How do I take care of my functional brace?
Do not leave your functional brace lying around outside its container. Do not carry the brace loose in your pockets or your bag. Do not wrap up your brace in tissue paper or a napkin and then leave it lying around. To avoid damage to, or loss of your brace, always store it in its container/box when it is not being worn.
To keep your functional brace clean, brush it with your regular toothbrush and toothpaste whenever you brush your own teeth. You may wish to purchase brace cleaning tablets from a chemist as an extra measure.
Do not wash your functional brace in very warm or boiling water; do not expose it to heat (such as the radiator or the dishwasher!); and do not use bleach or household disinfectants or chemicals to clean your braces.
Always insert or remove your brace components according to your orthodontist’s instructions. Do not get into the habit of clicking the parts in and out. This can be damaging to your teeth, to your brace, and very annoying to those around you!
Should I brush my teeth as normal?
You should brush your teeth thoroughly preferably after each meal. You’re your brace out for toothbrushing. Take a travel brush with you to school or work so that you can brush after lunch. Use a fluoride mouthwash or brush with a fluoride gel last thing at night after brushing your teeth.
How long will I have to wear my functional brace?
Your orthodontist would have given you some indication of this.

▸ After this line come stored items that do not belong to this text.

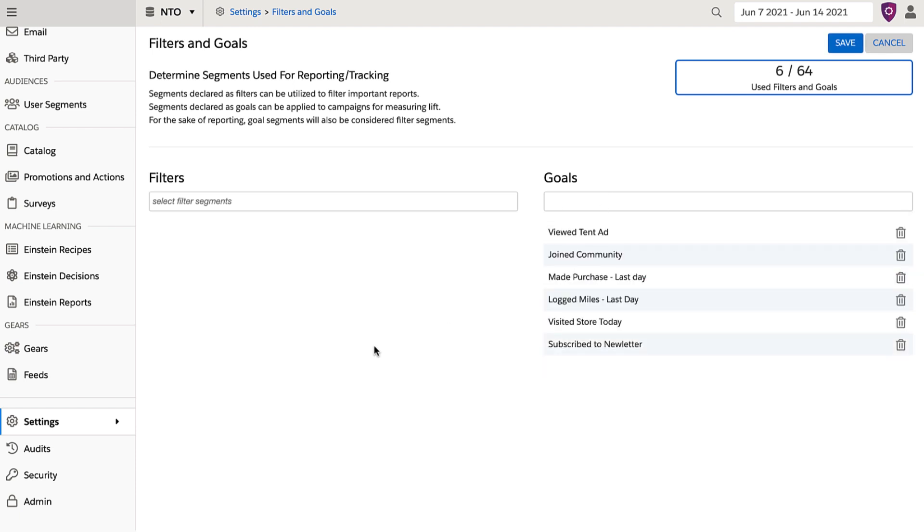To remove filters or goals, you can simply click the trash can icon to the right of each segment.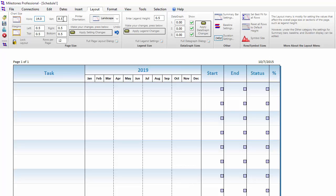After setting your chart size, always remember to press Apply Setting Changes or else your settings will not be saved.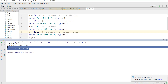Boolean accepts only True or False — True indicates a condition is true, False indicates a condition is false. Note the spelling: capital T and the rest lowercase. You cannot write it all capitals because only this specific casing gives it meaning as a boolean. If you put it in quotes, it becomes a string instead.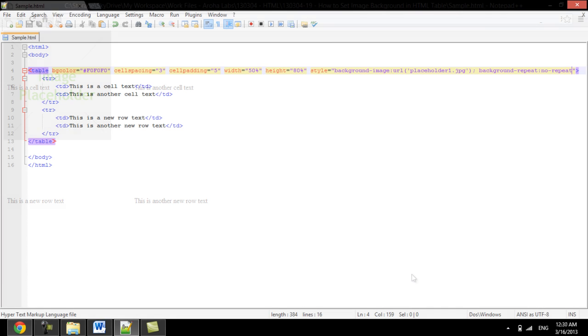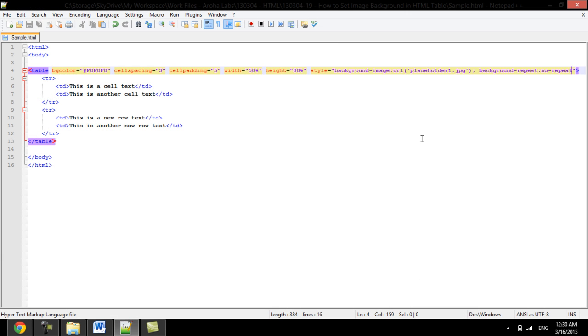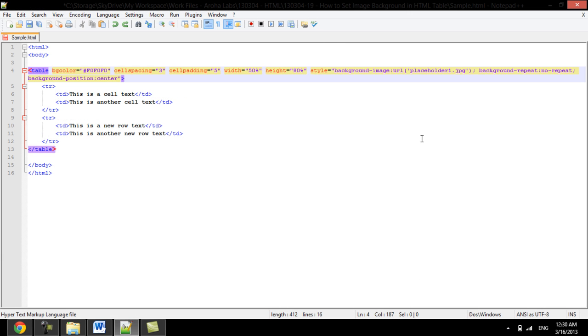To move it to the center of a table, we will have to use the position property. Over here, we will set it to center.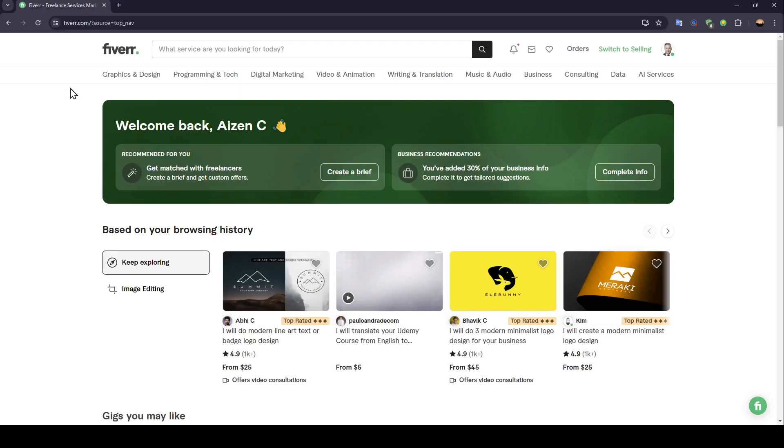Hello everyone, and welcome back to a new video. In this video, I'm going to show you guys how you can navigate on Fiverr. So if you guys want to learn how to do it, just follow the steps that I'm going to show you.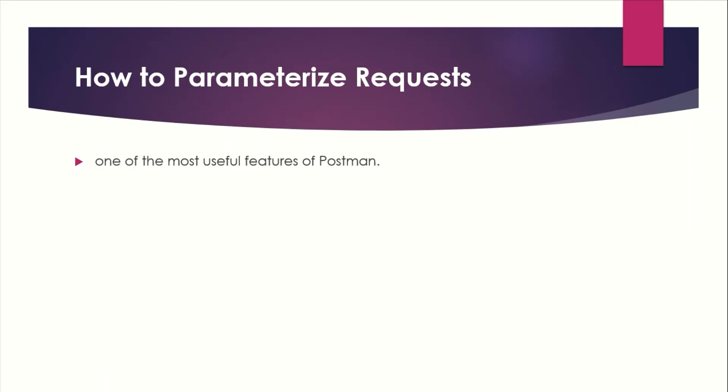Data parameterization is one of the most useful features of Postman. Instead of creating the same request with different data, we can use variables with parameters.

Treatment with functional braces usually takes between 9-12 months. You need to attend for regular appointments so that your brace is adjusted and your tooth movements are checked.
Why haven’t you fitted fixed braces instead?
Different braces have different functions. Your orthodontist has assessed and analysed your orthodontic problem to come up with the treatment plan that is customised to produce the best possible improvement for your bite. This sometimes involves wearing functional braces which act to bring about specific changes which fixed braces may not be very efficient at achieving. Treatment with functional braces is usually (but not always) followed (or occasionally preceded) by fixed brace treatment.